Musical Recipes

29th June 2010 | Books, Daily Life, Musings | 3 comments

our tabouliOur much-used copy of Claudia Roden’s ‘Book of Middle Eastern Food’ has finally fallen apart, and we’ve bought a new, updated copy. In its honour, Bob made some lovely pastries filled with spinach, aubergine and onion with various cheeses, and a tabouli bursting with home-grown parsley.

We talked about how our favourite cookery books combine cultural glimpses with helpful recipes. Claudia Roden’s book is a good example. You move smoothly from reading about bean soups made in pots on the roof-top, or the daily task of making yoghurt, or the doughs and shapes of pastries favoured by different communities, to discovering how to make these things yourself. As you cook, you feel you’re entering into the world described by the cookery writer.
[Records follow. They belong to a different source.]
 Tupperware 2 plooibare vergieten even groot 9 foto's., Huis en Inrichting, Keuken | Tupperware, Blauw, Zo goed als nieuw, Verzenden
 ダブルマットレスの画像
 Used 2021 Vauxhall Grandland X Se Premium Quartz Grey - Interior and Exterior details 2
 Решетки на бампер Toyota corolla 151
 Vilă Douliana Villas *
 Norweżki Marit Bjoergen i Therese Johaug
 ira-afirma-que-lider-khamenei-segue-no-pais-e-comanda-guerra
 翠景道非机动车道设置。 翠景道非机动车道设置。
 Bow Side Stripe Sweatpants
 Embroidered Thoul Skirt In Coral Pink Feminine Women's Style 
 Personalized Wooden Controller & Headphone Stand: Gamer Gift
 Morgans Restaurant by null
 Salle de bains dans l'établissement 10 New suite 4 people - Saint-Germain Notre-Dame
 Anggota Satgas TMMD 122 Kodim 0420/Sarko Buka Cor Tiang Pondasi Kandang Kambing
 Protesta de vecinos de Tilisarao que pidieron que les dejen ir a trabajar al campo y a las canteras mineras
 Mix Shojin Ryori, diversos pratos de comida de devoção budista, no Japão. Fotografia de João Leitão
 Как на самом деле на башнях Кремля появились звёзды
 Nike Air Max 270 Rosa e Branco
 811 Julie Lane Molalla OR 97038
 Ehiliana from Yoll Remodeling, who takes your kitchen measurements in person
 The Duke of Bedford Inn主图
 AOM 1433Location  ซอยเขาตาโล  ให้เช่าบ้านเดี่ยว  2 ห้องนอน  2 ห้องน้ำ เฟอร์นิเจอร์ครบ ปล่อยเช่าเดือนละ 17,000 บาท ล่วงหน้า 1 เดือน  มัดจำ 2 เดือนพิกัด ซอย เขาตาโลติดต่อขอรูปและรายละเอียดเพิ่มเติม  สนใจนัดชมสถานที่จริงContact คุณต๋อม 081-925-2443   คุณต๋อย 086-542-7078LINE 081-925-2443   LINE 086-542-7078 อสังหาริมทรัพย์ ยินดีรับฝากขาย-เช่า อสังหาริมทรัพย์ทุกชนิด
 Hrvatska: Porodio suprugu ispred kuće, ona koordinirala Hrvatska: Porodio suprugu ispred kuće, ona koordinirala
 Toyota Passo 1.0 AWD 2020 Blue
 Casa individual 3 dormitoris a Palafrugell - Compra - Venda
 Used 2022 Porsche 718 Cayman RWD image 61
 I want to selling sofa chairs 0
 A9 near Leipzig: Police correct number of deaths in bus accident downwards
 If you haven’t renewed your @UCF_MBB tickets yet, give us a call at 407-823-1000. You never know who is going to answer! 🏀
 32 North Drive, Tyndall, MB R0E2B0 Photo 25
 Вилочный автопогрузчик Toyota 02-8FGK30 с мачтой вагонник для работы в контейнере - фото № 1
I lamented that this can’t really happen with books about music. Yes, you can describe concerts and so on, but you can’t end each section with a recipe for how to make a lovely piece of your own:

500g of assorted notes
125 grams of accidentals
100 grams of minims
200 grams each of crotchets and quavers
50 grams of dots
A sprinkling of triplets
A generous cupful of rests

Pick through the notes carefully, removing any double flats or sharps …

3 Comments

  1. Beverly Woodward

    Of course there are a lot of treatises (and instruction manuals) on how to play, some of them very general (e.g., how to play the piano) and some more specific (e.g., how to perform certain ornaments in 18th C. music). In his “Versuch” (Essay on the True Art of Playing Keyboard Instruments) C.P.E. Bach did his best to offer precise, though still somewhat general, instructions. Fortunately (or not?) there were no recordings in those days, so he could not leave any aural instructions. I am of the opinion that at least some of the energy spent in debates on the interpretation of notes, e.g., how to play “double-dotted” notes, is largely wasted.

    It would destroy music if precise recipes could be provided. (I believe that Susan agrees.) In that sense it’s just as well that notes do not do so. If we learned pieces not by struggling to interpret the notes, but by imitating a recording of the work, the results would not be desirable.

    Reply
  2. Gretchen Saathoff

    Susan, thanks for the great laugh!

    And Beverly, I agree about imitating recordings. Never a good idea.

    Gretchen

    Reply
  3. Imogen

    I wonder, would one use imperial pre-Schoenberg, and grams post?!